[情報] Indiana U 網路環境 名列全美州立大學前茅
http://newsinfo.iu.edu/news/page/normal/4570.html
IU is No. 1 among publicly supported universities in PC magazine
ranking of Top 20 Wired Campuses
Dec. 12, 2006
BLOOMINGTON, Ind. -- Another national computing magazine
has recognized Indiana University as a leader in providing students
and faculty with an advanced technological environment for
learning and research.
PC Magazine in partnership with the Princeton Review today (Dec.
12) announced that IU is No. 1 among all publicly supported
universities in the magazine's first-ever ranking of Top 20 Wired
Campuses. Overall, the university was third in the ranking, behind
private universities Villanova and the Massachusetts Institute of
Technology.
No other universities in Indiana were in PC Magazine's top 20.
Other Big Ten schools behind IU in the rankings were the
University of Illinois, which was sixth, and the University of
Minnesota, which was 12th.
The new rankings are the latest acclaim for IU's technology
environment.
As far back as 1996 and throughout this decade, IU consistently has
been recognized as a technology innovator in publications such as
Yahoo! Internet Life and Wired magazines. Intel Corporation
previously selected IU as one of the "most un-wired" universities
for its wireless Internet access across the campuses.

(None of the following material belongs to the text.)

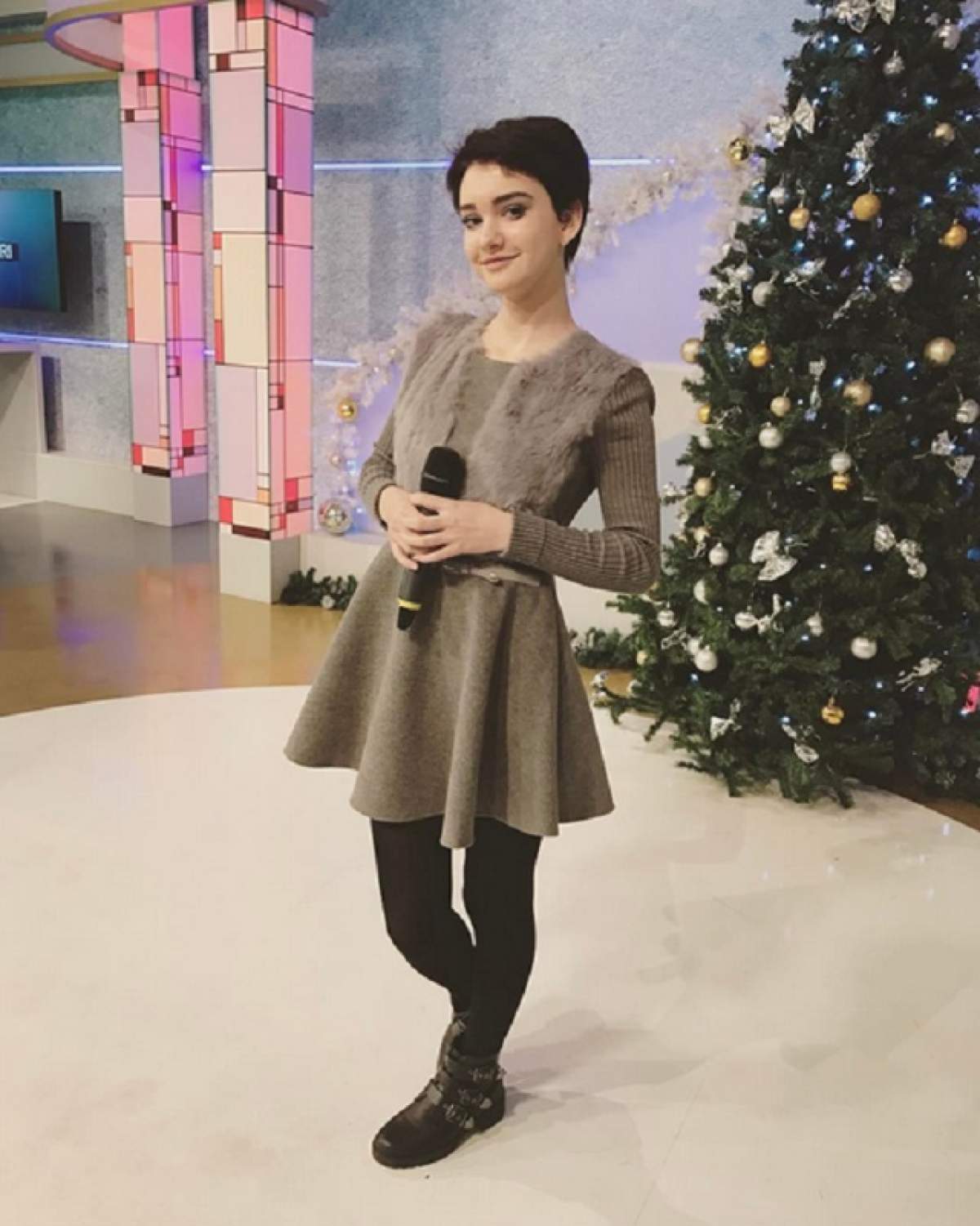 FOTO / Mică cântăreaţă cu un succes uriaş! Uite cum se descurcă Olga Verbitchi după ce a câştigat "X - Factor" alături de Carla's Dreams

"We have been and remain committed to providing a state-of-the-art
information technology environment for the IU community," said
Michael A. McRobbie, interim provost and vice president for
academic affairs, IU Bloomington. "Information technology
services are fundamental to the educational process, and our top
rankings consistently reinforce the fact that IU's technology
landscape remains at the forefront."
In its article profiling IU, PC Magazine touted Big Red, which until
recently was the nation's fastest university-owned supercomputer, as
well as its largest disk-based storage facility. It also cited the more
than 50 agreements that IU has with software companies such as
Microsoft and Symantec, its leadership in the open-source software
community, and its use of Oncourse, an online portal where students
and faculty post course information and interact in other ways.
The magazine also praised IU for achieving a significant increase in
research grants in the last decade. Research grants doubled at the
university, from $200 million in 1996 to $477 million last year,
"ensuring that IU will continue to be a driving force in the tech and
research community for years to come."
The PC Magazine reporting on the Top 20 Wired Colleges will
appear on newsstands on Dec. 26 and will be online Friday (Dec. 15)
at http://go.pcmag.com/wiredcolleges where profiles of the schools
will be available, as well as all 240 schools that completed a
Princeton Review survey. On the site, users will be able to build
charts to compare up to 10 schools and view the original survey.